🤖 AI Summary
This work addresses the challenge of auditing whether large language models improperly leverage protected retrieval contexts during reinforcement learning (RL) fine-tuning. The authors propose a "behavioral canary" mechanism that injects document-level triggers into preference data paired with stylistically distinct feedback, thereby inducing detectable conditional behavioral preferences in the model. This approach enables reliable auditing of non-memorized, stylistic influences from training data. The framework encompasses trigger-based preference data generation, detection of conditional behavioral signals, and RL fine-tuning auditing.
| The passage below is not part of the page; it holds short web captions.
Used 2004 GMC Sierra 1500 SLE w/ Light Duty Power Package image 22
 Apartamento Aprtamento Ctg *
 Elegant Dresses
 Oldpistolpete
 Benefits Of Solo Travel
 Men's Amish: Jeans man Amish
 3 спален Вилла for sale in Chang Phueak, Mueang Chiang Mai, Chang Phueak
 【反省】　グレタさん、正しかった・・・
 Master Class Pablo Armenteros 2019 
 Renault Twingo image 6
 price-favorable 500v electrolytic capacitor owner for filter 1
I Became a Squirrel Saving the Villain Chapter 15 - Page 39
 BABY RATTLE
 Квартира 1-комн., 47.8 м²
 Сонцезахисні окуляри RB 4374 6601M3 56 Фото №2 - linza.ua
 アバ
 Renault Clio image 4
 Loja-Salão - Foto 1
With only a 1% injection rate, the method achieves a 67% detection rate at a 10% false positive rate and an AUROC of 0.756, marking the first effective technique for tracing such covert data misuse.
📝 Abstract
In agentic workflows, LLMs frequently process retrieved contexts that are legally protected from further training. However, auditors currently lack a reliable way to verify if a provider has violated the terms of service by incorporating these data into post-training, especially through Reinforcement Learning (RL). While standard auditing relies on verbatim memorization and membership inference, these methods are ineffective for RL-trained models, as RL primarily influences a model's behavioral style rather than the retention of specific facts. To bridge this gap, we introduce Behavioral Canaries, a new auditing mechanism for RLFT pipelines. The framework instruments preference data by pairing document triggers with feedback that rewards a distinctive stylistic response, inducing a latent trigger-conditioned preference if such data are used in training. Empirical results show that these behavioral signals enable detection of unauthorized document-conditioned training, achieving a 67% detection rate at a 10% false-positive rate (AUROC = 0.756) at a 1% canary injection rate. More broadly, our results establish behavioral canaries as a new auditing mechanism for RLFT pipelines, enabling auditors to test for training-time influence even when such influence manifests as distributional behavioral change rather than memorization.